Invention Title:

Speech Synthesizer and Method for Speech Synthesis

Publication number:

US20250182737

Publication date:

2025-06-05

Section:

Physics

Class:

G10L13/027

Inventors:

Raphaela Groten 🇩🇪 Aachen, Germany

Rebecca Johnson 🇩🇪 München, Germany

Assignee:

SIEMENS AKTIENGESELLSCHAFT 🇩🇪 Munchen, Germany

Applicant:

Siemens Aktiengesellschaft 🇩🇪 München, Germany

Smart overview of the Invention

The application describes a sophisticated speech synthesizer designed to improve the naturalness and emotional expressiveness of synthetic speech. It incorporates a processor with a speech analysis module for analyzing and processing natural language content and an emotional module for emotional modeling. These components work alongside a neural network with an artificial intelligence (AI) system, which is trained using both machine and human-generated data to enhance the emotional quality of speech synthesis.

Technical Components

The system includes several key components: a microphone for capturing audio, a memory module for storing acoustic data, and a processor that analyzes this data. The processor is equipped with modules for both speech analysis and emotional modeling. These modules are connected to a neural network AI system that suggests emotional adjustments based on training data. The AI system's training data is enriched through human interaction, allowing it to produce more nuanced emotional expressions in synthetic speech.

Methodology

The method for speech synthesis involves playing back synthetic or human speech, capturing real-time human responses, converting these into machine-processable data, and using this data to train the neural network. This iterative process refines the AI's ability to model emotions in speech. The method captures various human emotions such as joy, fear, and curiosity, providing detailed feedback that helps the AI system improve its suggestions for emotional modeling.

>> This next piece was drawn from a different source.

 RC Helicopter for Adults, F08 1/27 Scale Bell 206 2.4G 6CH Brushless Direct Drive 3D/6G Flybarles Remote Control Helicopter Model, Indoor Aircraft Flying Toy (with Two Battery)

Human Interaction and Feedback

Unlike traditional Speech Emotion Recognition (SER) systems, which rely solely on measurable acoustic features, this synthesizer incorporates feedback from human listeners. This feedback is integrated into the AI's training data, allowing it to make more accurate and nuanced emotional expressions in synthetic speech. Human listeners' ability to discern subtle emotional cues like smiling is digitized and used to enhance the AI's modeling capabilities.

Prototype Results

A prototype of the speech synthesizer demonstrated significant improvements in the naturalness of synthetic speech, particularly in Western languages. The integration of pitch contour training through human interaction contributes to a more animated and emotionally expressive output. The system utilizes deep learning models such as Generative Pre-trained Transformer (GPT) to process natural language, leveraging common libraries and programs for enhanced speech synthesis capabilities.